京都ノートルダム女子大の募集停止や武庫川女子大の共学化発表は記憶に新しく、関東でもフェリス女学院大や白百合女子大などが定員割れを起こしています。
こうした、かつてのブランド校が苦しむ姿を見て、メディアは「女子大の危機」と書き立てます。
ですが、その主語は少し大き過ぎるかもしれません。同じ関東圏でも、東京家政大や大妻女子大、共立女子大などは定員割れとは無縁で、むしろ堅調な人気を誇っているからです。
凋落(ちょうらく)する大学と、生き残る大学。その「生死」を分けた決定的な差は何だったのでしょうか。今回はその生存戦略の正体を探るべく、「危機的ではない女子大」の1つ、共立女子大の事例にスポットを当てます。
「教養の女子大」と「実学の女子大」の明暗
女子大には2種類あります。教養系の女子大と実学系の女子大です。前者はミッション系の女子大に代表される「お嬢様女子大」と言われていた大学です。良家の子女が教養を身に付けるために進学した大学です。一方で、女子が「手に職」をつけるための女子大も存在しました。

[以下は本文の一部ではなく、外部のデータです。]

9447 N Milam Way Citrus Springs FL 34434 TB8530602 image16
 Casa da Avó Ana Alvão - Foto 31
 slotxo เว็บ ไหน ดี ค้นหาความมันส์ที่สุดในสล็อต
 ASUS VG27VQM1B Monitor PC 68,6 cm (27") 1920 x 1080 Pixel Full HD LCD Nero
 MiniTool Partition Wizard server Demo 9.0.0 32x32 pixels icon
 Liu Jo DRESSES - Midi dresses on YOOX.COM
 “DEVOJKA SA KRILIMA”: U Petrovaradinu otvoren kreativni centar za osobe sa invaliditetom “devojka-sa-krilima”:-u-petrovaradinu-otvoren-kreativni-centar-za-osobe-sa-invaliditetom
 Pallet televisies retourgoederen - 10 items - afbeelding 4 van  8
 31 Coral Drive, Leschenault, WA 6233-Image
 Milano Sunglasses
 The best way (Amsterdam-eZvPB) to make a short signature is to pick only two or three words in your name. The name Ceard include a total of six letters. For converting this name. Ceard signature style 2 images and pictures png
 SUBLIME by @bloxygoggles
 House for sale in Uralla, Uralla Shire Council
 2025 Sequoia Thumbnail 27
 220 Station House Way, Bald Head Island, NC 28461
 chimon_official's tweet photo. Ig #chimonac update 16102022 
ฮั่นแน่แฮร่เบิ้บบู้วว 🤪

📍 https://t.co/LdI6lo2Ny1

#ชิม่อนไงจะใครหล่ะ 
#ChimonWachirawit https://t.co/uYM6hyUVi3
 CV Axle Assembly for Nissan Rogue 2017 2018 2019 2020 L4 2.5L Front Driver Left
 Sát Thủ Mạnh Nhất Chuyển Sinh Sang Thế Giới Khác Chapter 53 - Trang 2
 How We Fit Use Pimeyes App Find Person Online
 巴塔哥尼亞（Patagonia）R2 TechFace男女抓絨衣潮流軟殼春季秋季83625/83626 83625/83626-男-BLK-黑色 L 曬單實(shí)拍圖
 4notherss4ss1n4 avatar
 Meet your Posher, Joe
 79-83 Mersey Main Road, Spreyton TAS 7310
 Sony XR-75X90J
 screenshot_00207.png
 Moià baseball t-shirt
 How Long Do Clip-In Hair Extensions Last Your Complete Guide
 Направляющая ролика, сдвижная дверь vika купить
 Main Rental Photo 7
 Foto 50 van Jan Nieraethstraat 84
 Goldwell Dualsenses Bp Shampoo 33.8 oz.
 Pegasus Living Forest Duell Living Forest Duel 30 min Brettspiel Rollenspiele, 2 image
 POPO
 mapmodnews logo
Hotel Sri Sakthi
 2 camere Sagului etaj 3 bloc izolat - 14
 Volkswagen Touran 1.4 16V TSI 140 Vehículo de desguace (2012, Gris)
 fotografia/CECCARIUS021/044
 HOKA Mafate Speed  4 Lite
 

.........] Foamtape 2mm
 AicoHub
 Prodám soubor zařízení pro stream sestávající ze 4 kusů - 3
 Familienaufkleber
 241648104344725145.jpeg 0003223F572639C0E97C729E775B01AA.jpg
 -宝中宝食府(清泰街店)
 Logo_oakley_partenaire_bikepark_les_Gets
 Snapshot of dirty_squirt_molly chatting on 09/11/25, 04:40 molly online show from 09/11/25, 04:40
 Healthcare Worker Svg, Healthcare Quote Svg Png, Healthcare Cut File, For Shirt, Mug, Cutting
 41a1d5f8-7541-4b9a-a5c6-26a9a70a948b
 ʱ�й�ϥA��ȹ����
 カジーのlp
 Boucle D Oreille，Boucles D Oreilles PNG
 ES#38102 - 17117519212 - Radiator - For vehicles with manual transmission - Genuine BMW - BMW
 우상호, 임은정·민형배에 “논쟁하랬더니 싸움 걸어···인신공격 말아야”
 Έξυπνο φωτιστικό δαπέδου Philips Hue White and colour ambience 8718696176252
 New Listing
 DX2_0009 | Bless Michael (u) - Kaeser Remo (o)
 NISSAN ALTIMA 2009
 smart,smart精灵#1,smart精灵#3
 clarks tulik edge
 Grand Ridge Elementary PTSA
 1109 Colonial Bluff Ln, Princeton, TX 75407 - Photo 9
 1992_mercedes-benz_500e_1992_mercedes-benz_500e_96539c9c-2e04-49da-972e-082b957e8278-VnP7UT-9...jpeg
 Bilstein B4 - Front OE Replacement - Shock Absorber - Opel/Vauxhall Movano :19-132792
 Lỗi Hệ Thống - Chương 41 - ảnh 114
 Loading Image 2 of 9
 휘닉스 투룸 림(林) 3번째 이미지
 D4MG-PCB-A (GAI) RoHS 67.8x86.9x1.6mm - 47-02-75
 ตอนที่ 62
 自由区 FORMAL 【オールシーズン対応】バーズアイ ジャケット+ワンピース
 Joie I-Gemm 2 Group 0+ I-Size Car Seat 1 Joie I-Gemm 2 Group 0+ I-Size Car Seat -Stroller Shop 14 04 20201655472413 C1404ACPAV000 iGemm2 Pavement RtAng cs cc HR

その典型例が共立女子大です。1886年に設立された共立女子職業学校が発祥です。1949年に家政学部を開設し、被服や栄養士といった「手に職」を付けていくための教育を展開してきました。
その後、2004年に短大に看護学科を新設し、2007年には建築・デザイン学科と児童学科を設置。2013年には4年制大学の看護学部も誕生し、看護師や建築士、幼稚園教諭、保育士の資格を取得できるようになりました。
「女性社長の出身大学ランキングで10位に入っています。専門性を生かして起業される卒業生が多いからではないかと思います」(共立女子大学 入試・広報課 広報グループ 長野さん)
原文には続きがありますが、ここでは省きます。